Clean water is a given for most people living in Canada, the country with the world’s second largest supply of clean water. However, for over 120 First Nations, this is not the case – there are currently over 160 water advisories in First Nations communities across Canada. In contrast to water advisories in large urban centres that are lifted in a matter of days, the average duration of a boil water advisory in a First Nation community is more than two years, with nearly 40 per cent lasting more than five. Canadian settlers, government, and media have failed to treat this crisis with the necessary urgency. The silence on this issue is unacceptable – settlers must stand in solidarity with waterless First Nations communities, or be complicit in perpetuating the crisis.

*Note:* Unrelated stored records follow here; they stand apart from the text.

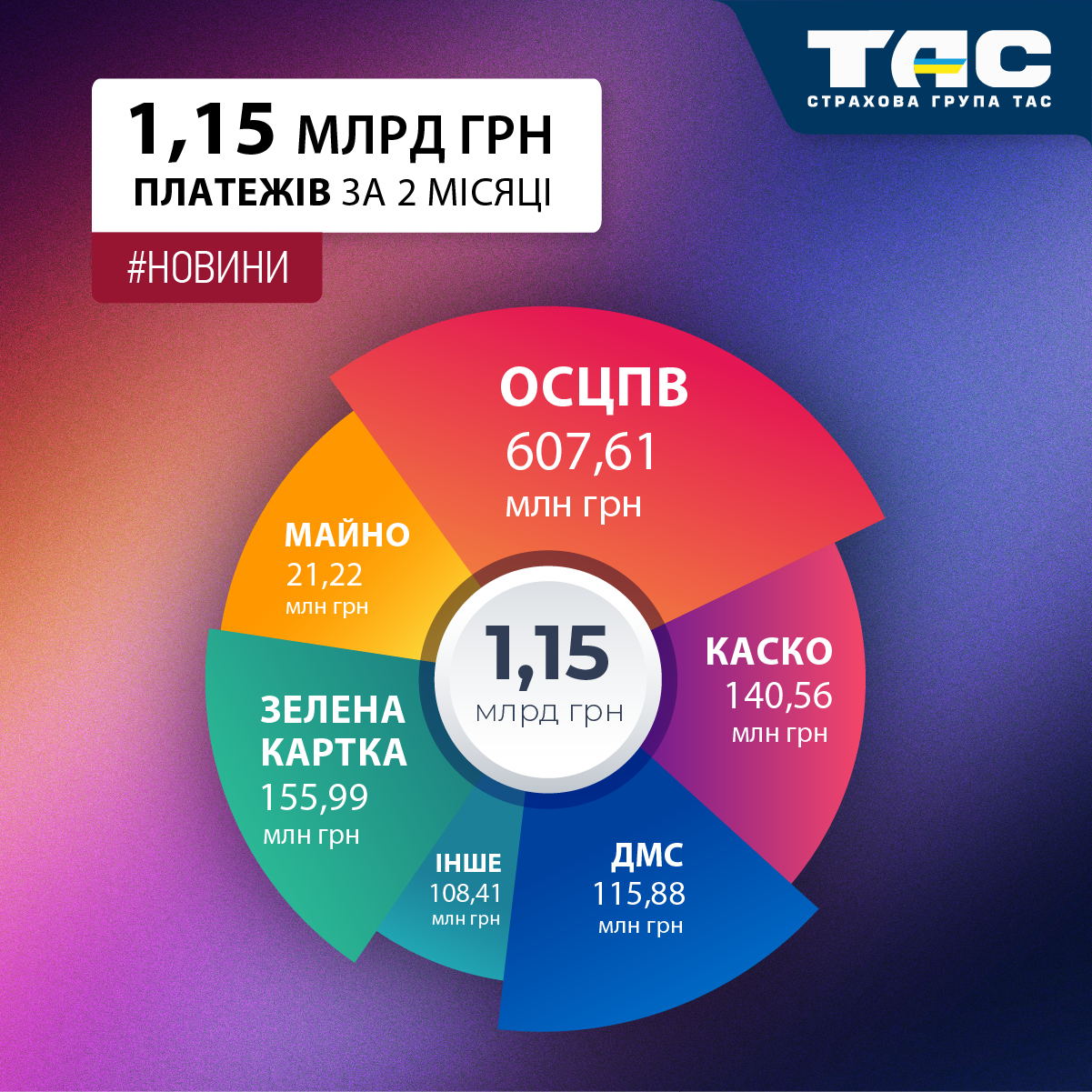 Збори СГ «ТАС» за два місяці сягнули 1,15 млрд грн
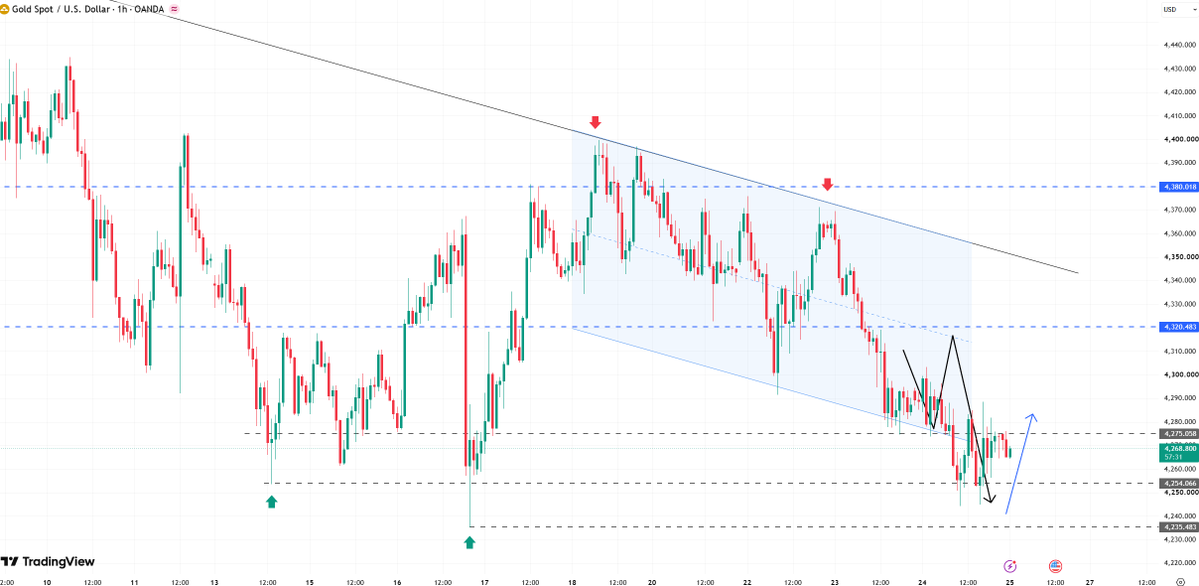 #XAUUSD
#Gold is currently fluctuating around the 4260 level.

Short-term support lies near 4240–4220; if buyers can hold this level, a brief rebound may occur,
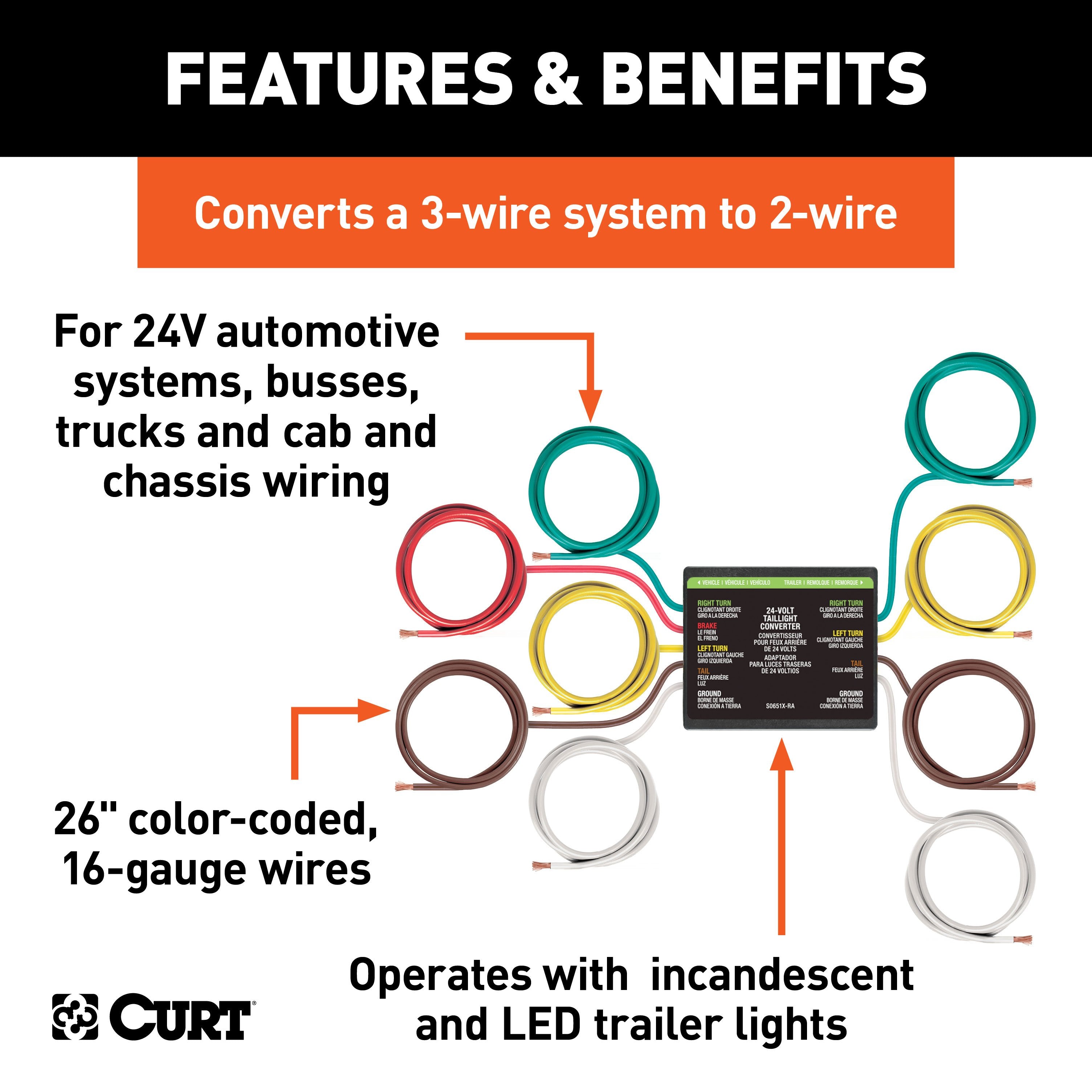 Trailer Wiring Parts and Accessories,4-Flat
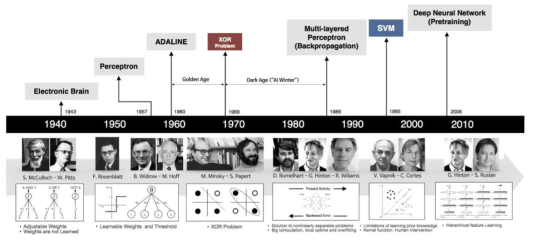 딥러닝의 발전사 (http://beamlab.org/deeplearning/2017/02/23/deep_learning_101_part1.html)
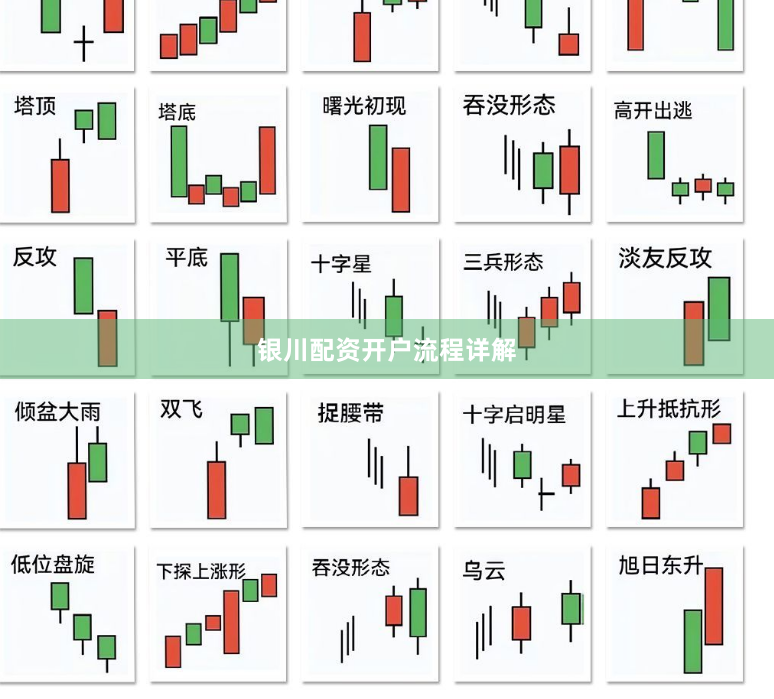 银川配资开户流程详解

In Neskantaga, a community that’s been under a boil water advisory for over twenty years, the government chooses to continue flying in bottled water instead of pursuing sustainable solutions such as fixing the water treatment plant that’s been broken for decades. A 2005 report from the Office of the Auditor General identified some of the systemic causes of this issue – including deficient water systems and lesser legal protection for residents of First Nations communities when it comes to clean water. As a very late response to this report, the Safe Drinking Water for First Nations Act was passed in 2013. The Chiefs of Ontario, the Assembly of Manitoba Chiefs, and the Treaty Seven nations in Alberta have all expressed concern with the bill, pointing out that federal regulation of water standards without adequate investment in infrastructure is ineffective and fails to provide a long-term vision for First Nations water resource management. As such, it risks holding the nations themselves liable for their inability to enforce the regulations.

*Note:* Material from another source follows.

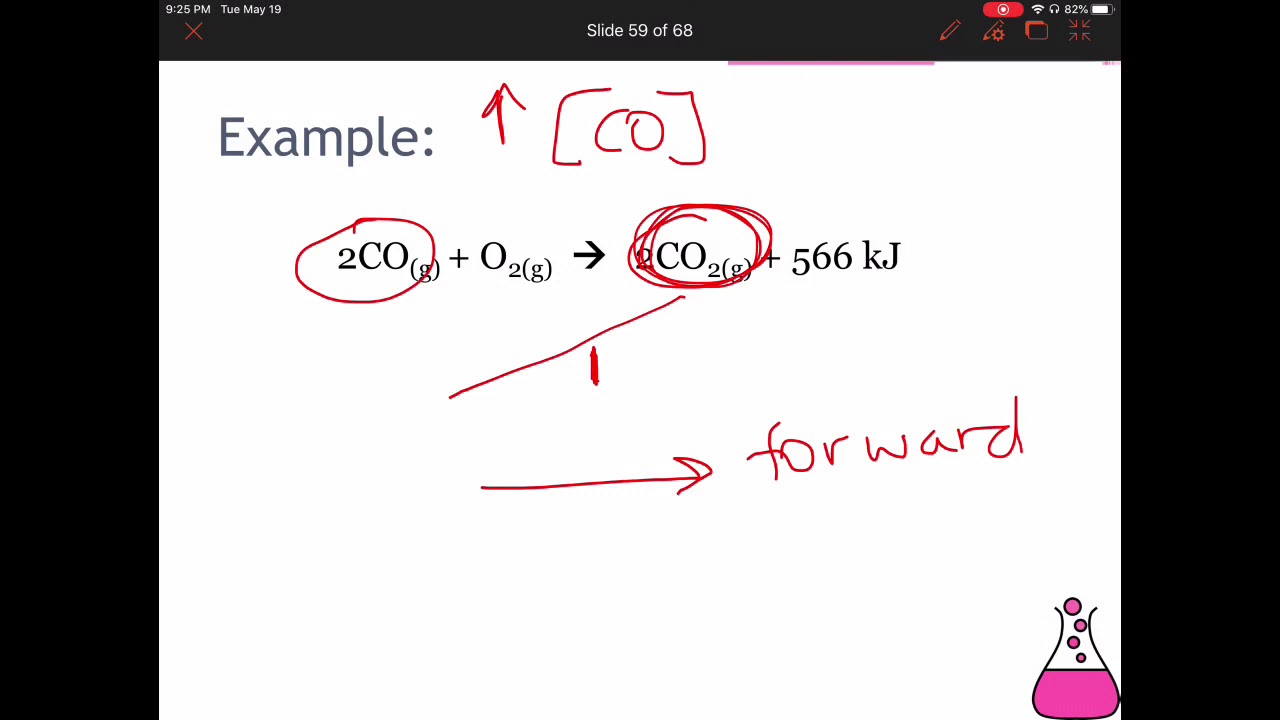 Unit 13 Lessons 3 and 4: Equilibrium and Le Chatelier’s Principle - YouTube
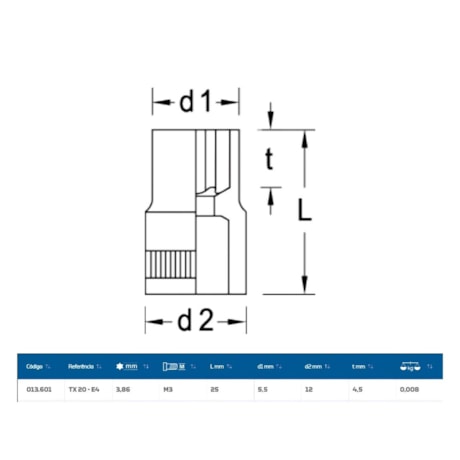 Soquete Torx E4 Encaixe 1/4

Despite the obvious severity of this crisis, the settler response to it has been appallingly weak – there has been little to no media coverage or non-Indigenous organizing around the issue, and the little government action has been extremely slow. Because of this lack of action, First Nations communities are forced into choosing between potentially harming their communities and having no access to clean water. Naskantaga, for example, currently faces a choice between continuing without clean water and allowing chromite mining on their land. Related infrastructure development and profits from the mining project would improve water access in the short term, but the project would likely cause social and environmental damage in the long term. That the government is able to put Indigenous communities in these lose-lose situations indicates how little the issue matters to settlers in Canada.

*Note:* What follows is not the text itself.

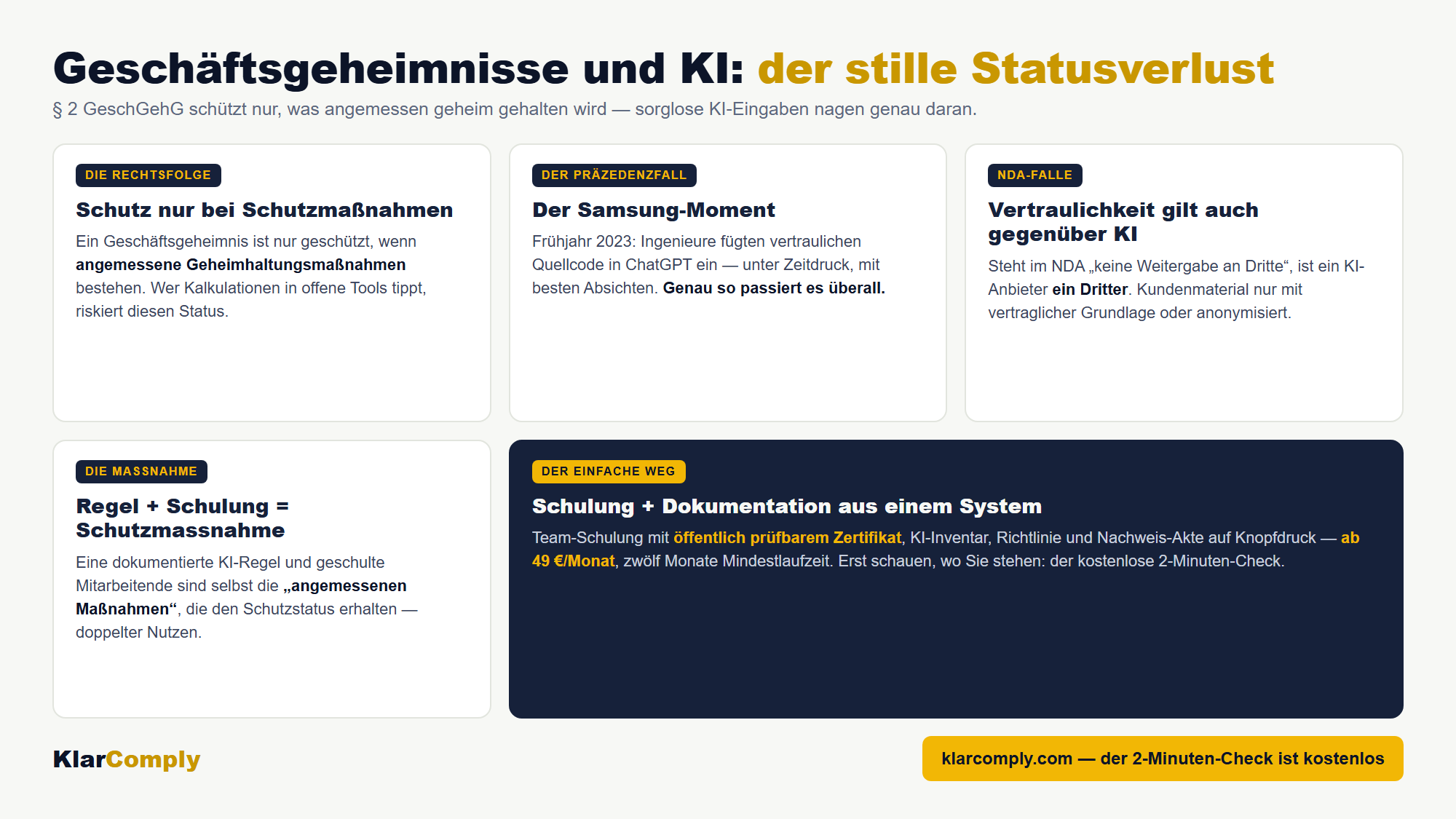 Infografik: Geschäftsgeheimnisse und KI: der stille Statusverlust — § 2 GeschGehG schützt nur, was angemessen geheim gehalten wird — sorglose KI-Eingaben nagen genau daran.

As the Paris climate conference COP21 begins, the media will surely discuss Canada’s role in preserving an environment capable of sustaining human life. The media will not be talking about how Canada fails to make even the basic necessities for a sustainable life available to Indigenous people who live here. That water access is a given in settler communities, but not in First Nations communities, is a result of ongoing settler colonialism. Clean water in First Nations communities is an urgent matter of health and survival – we should treat it as such.